Lorsque le président Gotabhaya Rajapakse a imposé un couvre-feu et mis des soldats et des policiers dans les rues le week-end des 2 et 3 avril, les manifestations de masse ont défié la menace et le gouvernement a reculé — temporairement. Dans sa déclaration publiée le 7 avril, le Parti de l’égalité socialiste (PES) a averti que le régime attendait son heure. Le Premier ministre menace maintenant d’utiliser la répression de l’État à une échelle beaucoup plus large et plus violente.
Afin de lutter pour ses droits démocratiques et sociaux fondamentaux, la classe ouvrière a besoin de ses propres organisations démocratiques. Le PES appelle à la formation de comités d’action dans chaque lieu de travail, usine et banlieue ouvrière, élus démocratiquement et indépendants des syndicats et de chaque parti capitaliste.
Les syndicats sont le principal obstacle à la mobilisation de la classe ouvrière. Au cours des deux dernières années, ils ont trahi toutes les luttes des travailleurs, en disant qu’ils comprenaient la crise du pays. La semaine dernière, les syndicats du secteur public ont appelé à une grève d’une journée pour faire chuter la mobilisation. Les dirigeants syndicaux ont déclaré qu’ils sont pour un gouvernement auquel «on peut faire confiance et qui gouverne sur la base du parlement» — c’est-à-dire un autre gouvernement capitaliste des 225 parlementaires.

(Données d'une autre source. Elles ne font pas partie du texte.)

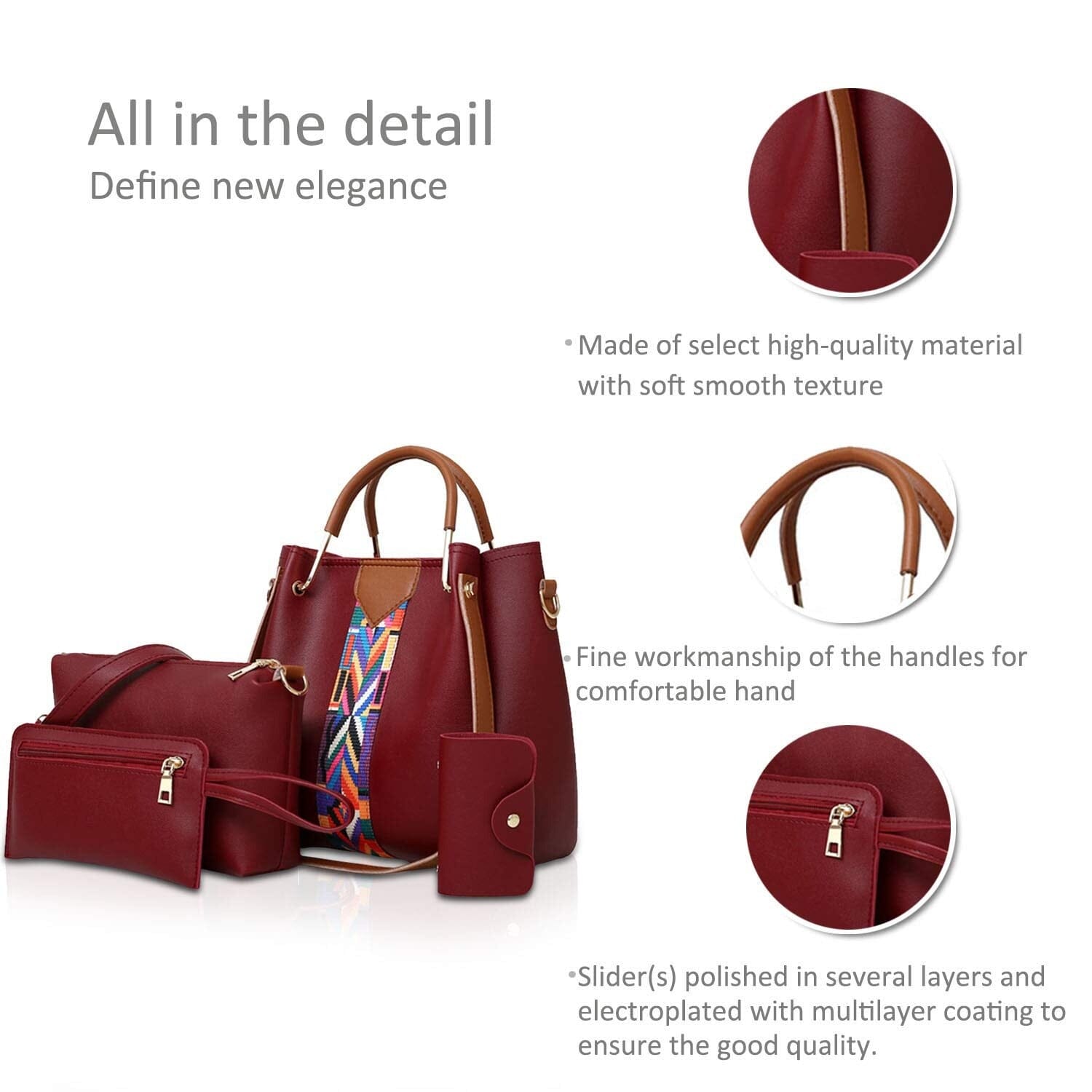 Women Handbags Shoulder Bags 4 Pcs Handbags For Ladies Top-Handles Crossbody Bags Purse Wallet 0 Manwatstore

Le PES a proposé un programme d’action socialiste autour duquel la classe ouvrière peut lutter pour ses droits sociaux et démocratiques et attirer à elle les masses rurales qui se trouvent également durement touchées. Les comités d’action — organes de la démocratie ouvrière — jettent les bases d’une lutte pour un gouvernement ouvrier et paysan. C’est-à-dire un gouvernement véritablement démocratique qui peut réorganiser la société sur la base des besoins de la majorité et non des profits des plus riches.
Nous vous invitons à rejoindre et à construire le PES qui est le seul parti à lutter pour ce programme.